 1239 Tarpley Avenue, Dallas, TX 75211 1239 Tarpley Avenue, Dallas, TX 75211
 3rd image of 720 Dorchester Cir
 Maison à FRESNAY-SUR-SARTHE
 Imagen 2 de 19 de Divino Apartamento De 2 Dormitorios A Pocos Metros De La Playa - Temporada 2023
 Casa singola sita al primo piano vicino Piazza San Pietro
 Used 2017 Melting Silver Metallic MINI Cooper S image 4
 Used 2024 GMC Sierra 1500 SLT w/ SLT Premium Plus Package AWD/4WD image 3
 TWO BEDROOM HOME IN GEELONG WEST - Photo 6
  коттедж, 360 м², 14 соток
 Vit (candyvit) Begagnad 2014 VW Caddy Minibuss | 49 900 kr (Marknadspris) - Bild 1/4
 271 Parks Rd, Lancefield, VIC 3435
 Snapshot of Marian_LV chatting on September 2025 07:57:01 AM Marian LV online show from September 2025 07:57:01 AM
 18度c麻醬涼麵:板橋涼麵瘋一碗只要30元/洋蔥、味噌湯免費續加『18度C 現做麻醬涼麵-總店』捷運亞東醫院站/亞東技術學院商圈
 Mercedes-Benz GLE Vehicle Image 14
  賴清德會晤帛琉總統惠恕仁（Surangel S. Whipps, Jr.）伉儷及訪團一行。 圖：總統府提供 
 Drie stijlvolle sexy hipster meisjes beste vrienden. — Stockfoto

Activity
The material above needs to be reproduced exactly as written.

Solution to this exercise
 1239 Tarpley Avenue, Dallas, TX 75211 1239 Tarpley Avenue, Dallas, TX 75211
 3rd image of 720 Dorchester Cir
 Maison à FRESNAY-SUR-SARTHE
 Imagen 2 de 19 de Divino Apartamento De 2 Dormitorios A Pocos Metros De La Playa - Temporada 2023
 Casa singola sita al primo piano vicino Piazza San Pietro
 Used 2017 Melting Silver Metallic MINI Cooper S image 4
 Used 2024 GMC Sierra 1500 SLT w/ SLT Premium Plus Package AWD/4WD image 3
 TWO BEDROOM HOME IN GEELONG WEST - Photo 6
  коттедж, 360 м², 14 соток
 Vit (candyvit) Begagnad 2014 VW Caddy Minibuss | 49 900 kr (Marknadspris) - Bild 1/4
 271 Parks Rd, Lancefield, VIC 3435
 Snapshot of Marian_LV chatting on September 2025 07:57:01 AM Marian LV online show from September 2025 07:57:01 AM
 18度c麻醬涼麵:板橋涼麵瘋一碗只要30元/洋蔥、味噌湯免費續加『18度C 現做麻醬涼麵-總店』捷運亞東醫院站/亞東技術學院商圈
 Mercedes-Benz GLE Vehicle Image 14
  賴清德會晤帛琉總統惠恕仁（Surangel S. Whipps, Jr.）伉儷及訪團一行。 圖：總統府提供 
 Drie stijlvolle sexy hipster meisjes beste vrienden. — Stockfoto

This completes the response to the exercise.